● AIM OF THE EXERCISE
Without copying any picture, transcribe exactly the lines of the data below from the one containing "Beautiful Coral Lace" through the one containing "Country Artists High".

● RECORDS SHOWN
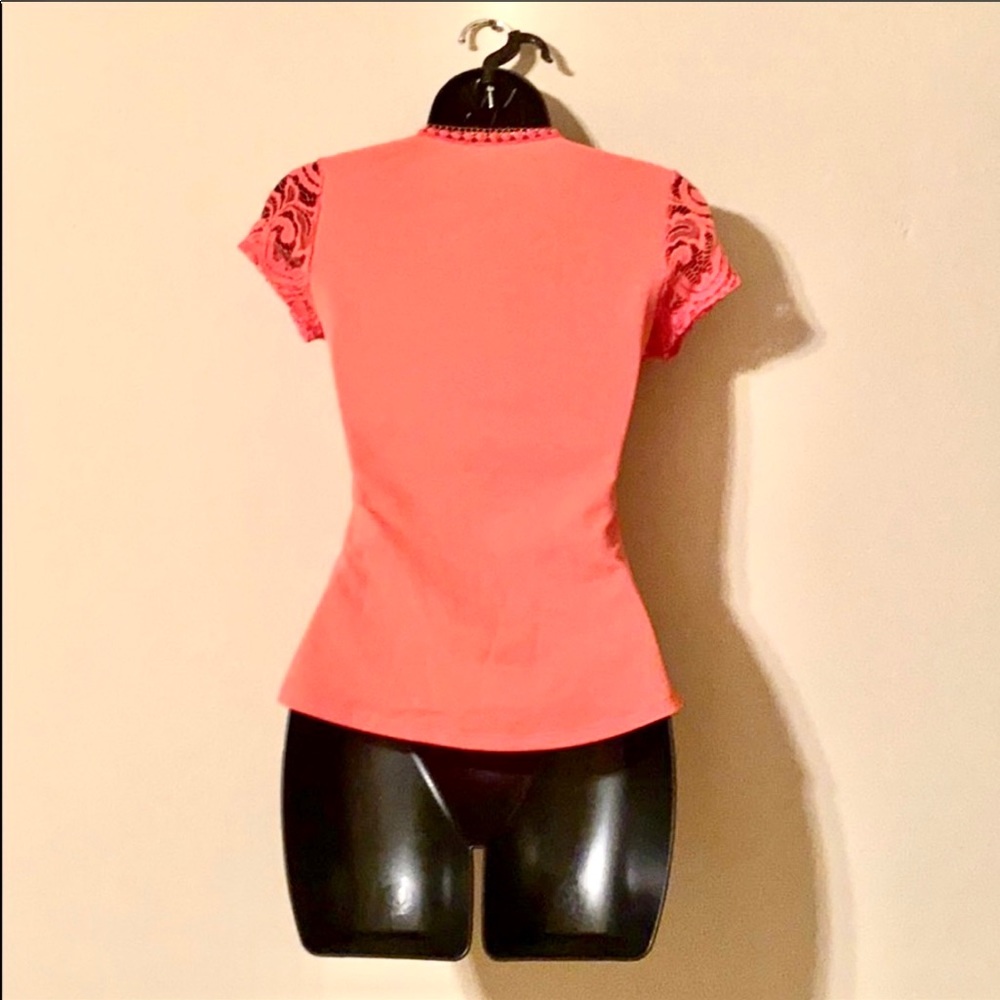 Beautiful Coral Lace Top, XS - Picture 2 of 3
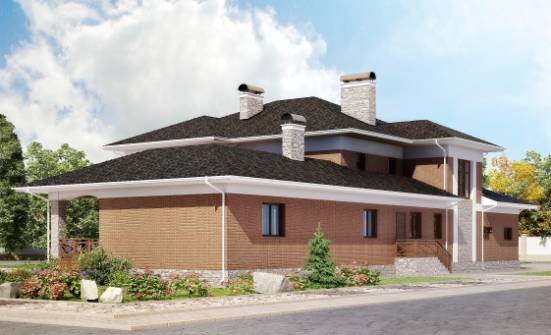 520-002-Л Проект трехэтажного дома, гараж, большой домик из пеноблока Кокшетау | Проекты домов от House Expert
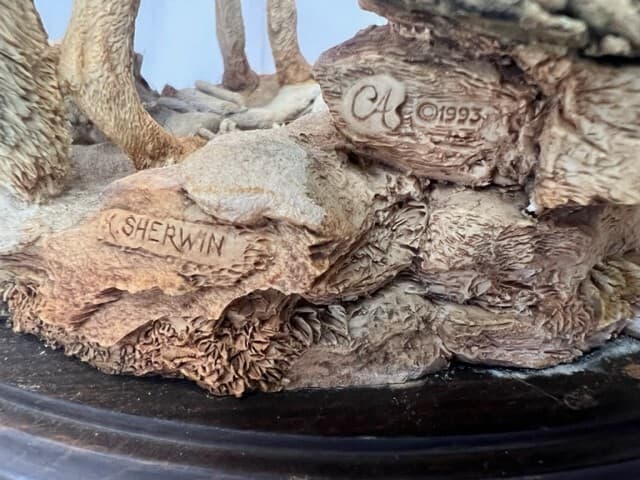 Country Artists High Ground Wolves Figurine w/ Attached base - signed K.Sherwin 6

---

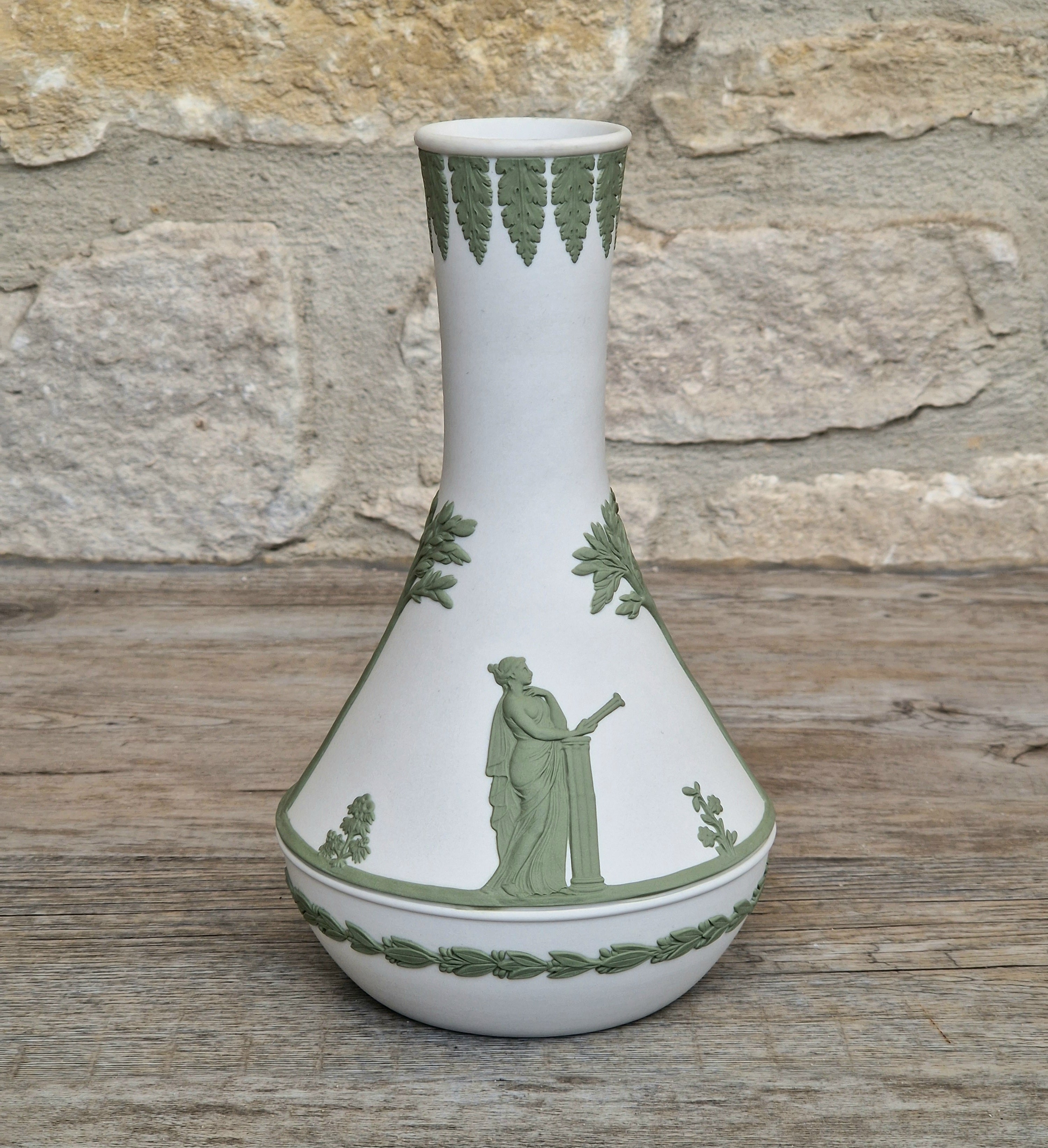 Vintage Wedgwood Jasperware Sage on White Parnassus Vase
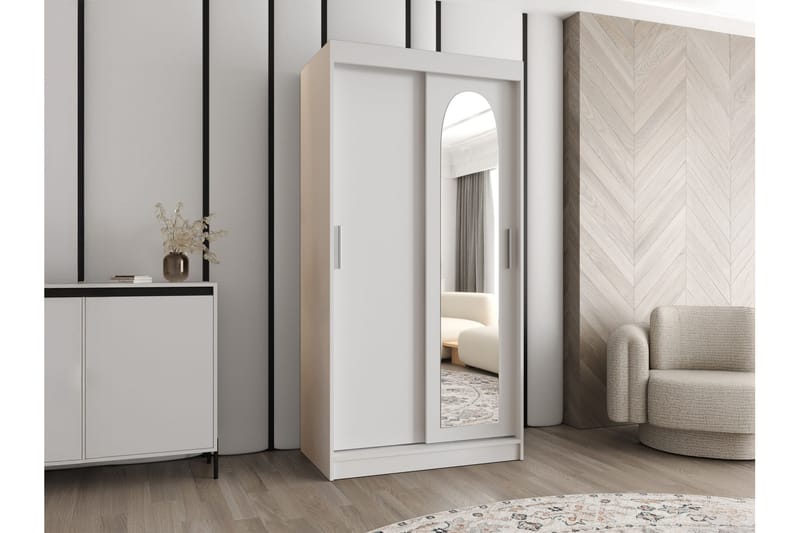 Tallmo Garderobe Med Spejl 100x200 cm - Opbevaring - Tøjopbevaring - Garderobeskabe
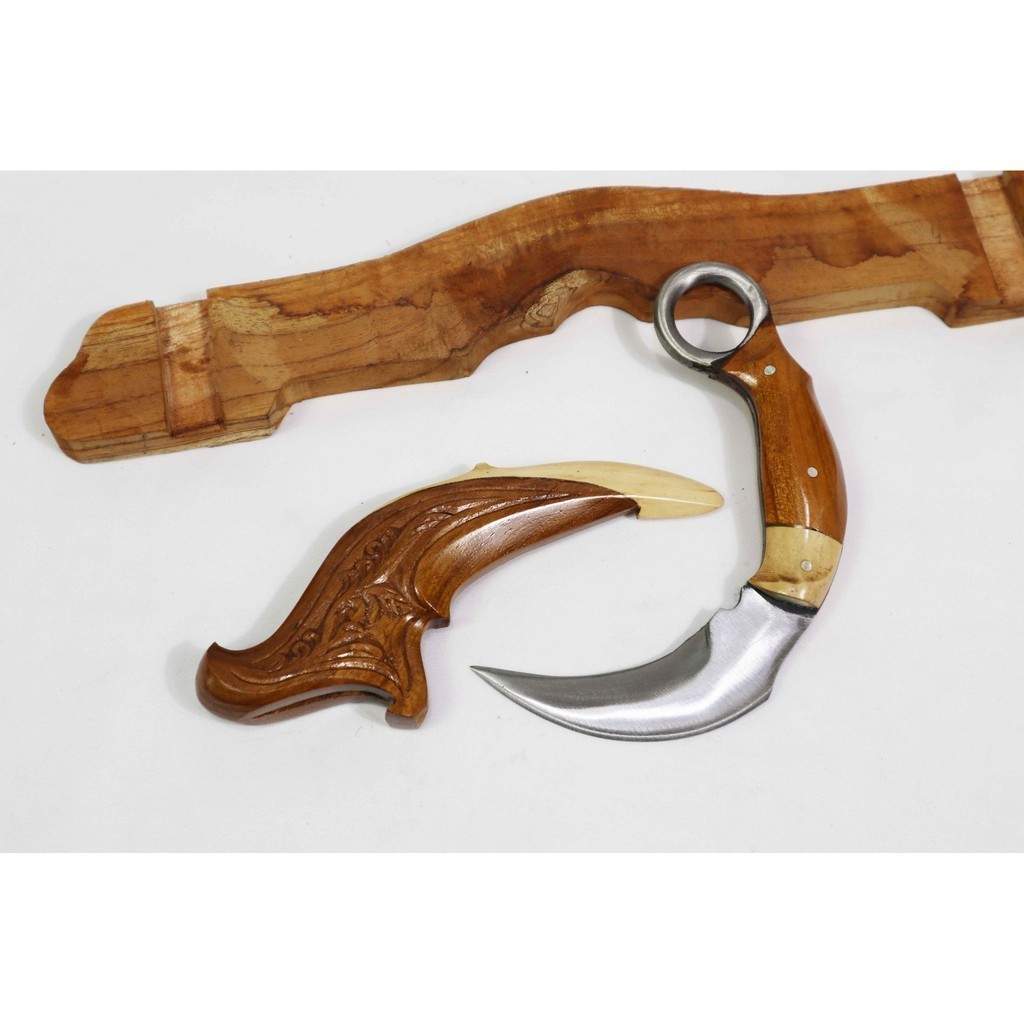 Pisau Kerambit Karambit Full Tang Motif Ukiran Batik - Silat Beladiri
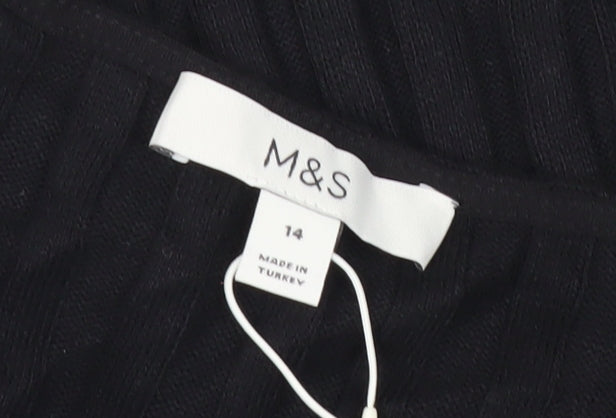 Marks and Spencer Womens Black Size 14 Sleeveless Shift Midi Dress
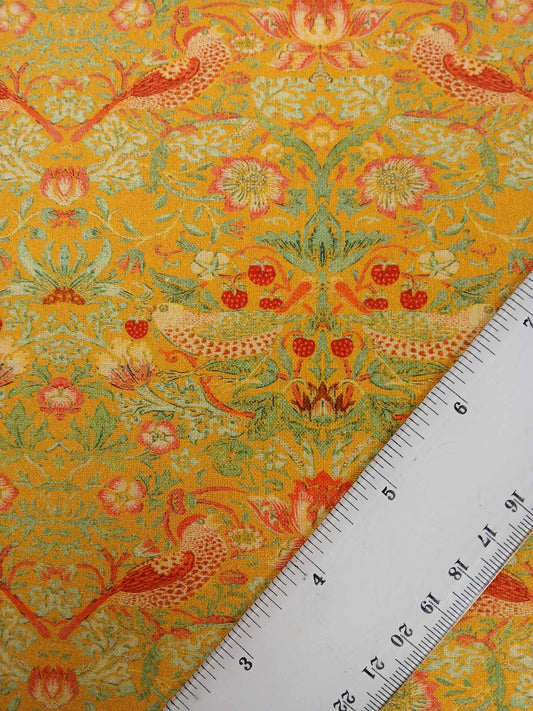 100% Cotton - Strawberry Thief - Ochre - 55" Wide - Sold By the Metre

● SOLUTION FOR THIS PROBLEM
 Beautiful Coral Lace Top, XS - Picture 2 of 3
 520-002-Л Проект трехэтажного дома, гараж, большой домик из пеноблока Кокшетау | Проекты домов от House Expert
 Country Artists High Ground Wolves Figurine w/ Attached base - signed K.Sherwin 6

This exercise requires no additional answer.